Download Latin.unicharset along with radical-stroke.txt#219
Download Latin.unicharset along with radical-stroke.txt#219Shreeshrii wants to merge 2 commits intotesseract-ocr:masterfrom Shreeshrii:PR6
Conversation
|
All unicharset files for scripts are potentially needed, starting with I usually get the required ones to satisfy the error message(s), but still don't know what happens if they are missing. |
|
I added only Latin and Inherited unicharsets in this list because these are required in almost all cases, even though they don't stop processing like missing radical-stroke.txt. We could add another optional variable for SCRIPT_UNICHARSET, downloading it when it is non-blank.
I think some characters e.g. Arabic accents get dropped in the generated unicharset by unicharset_extractor.
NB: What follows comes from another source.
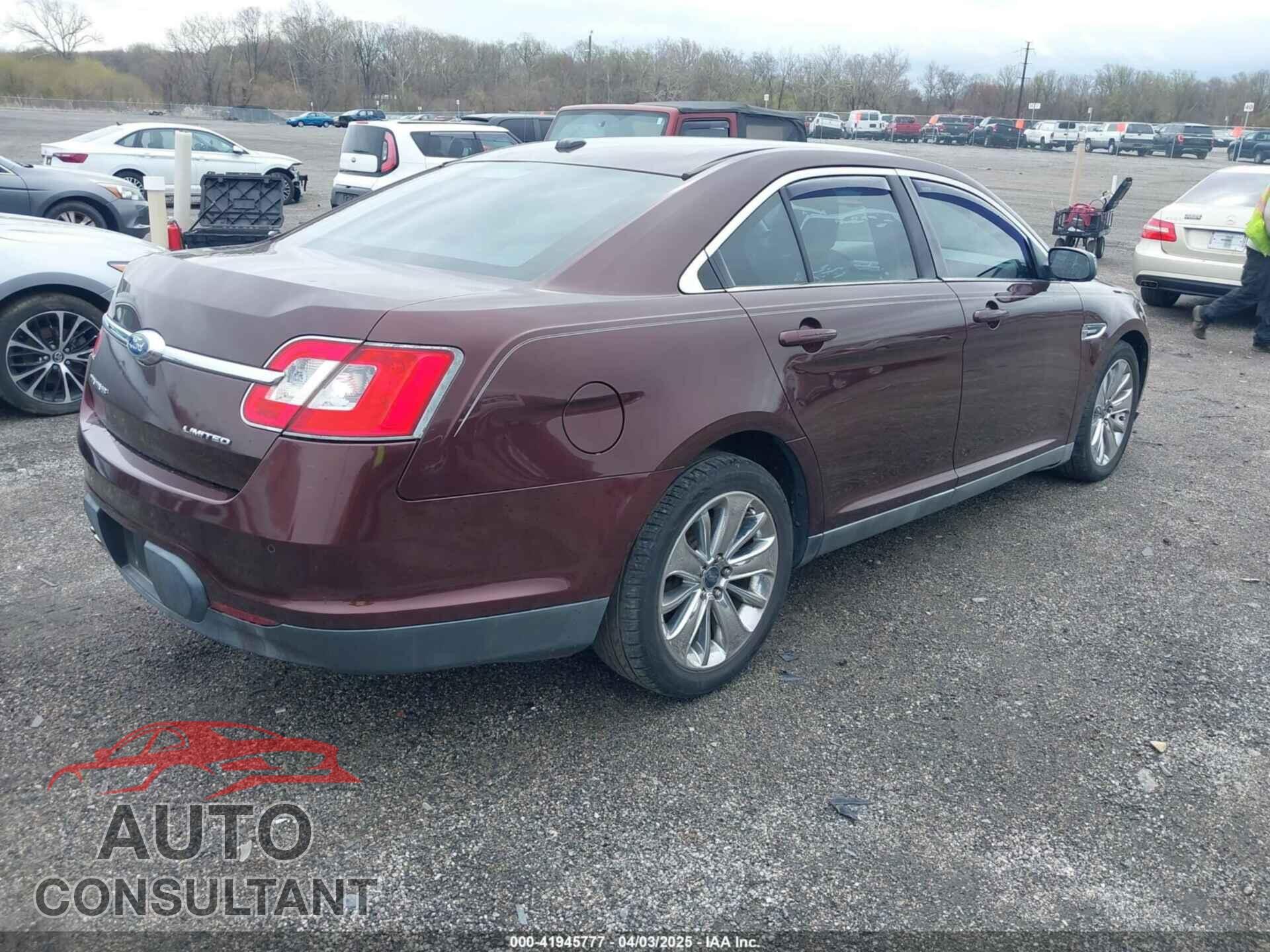 FORD TAURUS 2010 - 1FAHP2FW6AG144074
That was the reason I built the Inherited.unicharset. |
|
|
||
| $(DATA_DIR)/radical-stroke.txt: | ||
| # wget -O $(DATA_DIR)/Inherited.unicharset 'https://github.com/tesseract-ocr/langdata_lstm/raw/master/Inherited.unicharset' | ||
| wget -O $(DATA_DIR)/Latin.unicharset 'https://github.com/tesseract-ocr/langdata_lstm/raw/master/Latin.unicharset' |
There was a problem hiding this comment.
I'd put that in a separate Makefile target.
There was a problem hiding this comment.
Inherited.unicharset is NOT there in langdata_lstm repo. I created it by copying the lines with Inherited from other unicharsets. But there are some differences in coordinates for same character in different unicharsets, so I am not sure which one is to be used.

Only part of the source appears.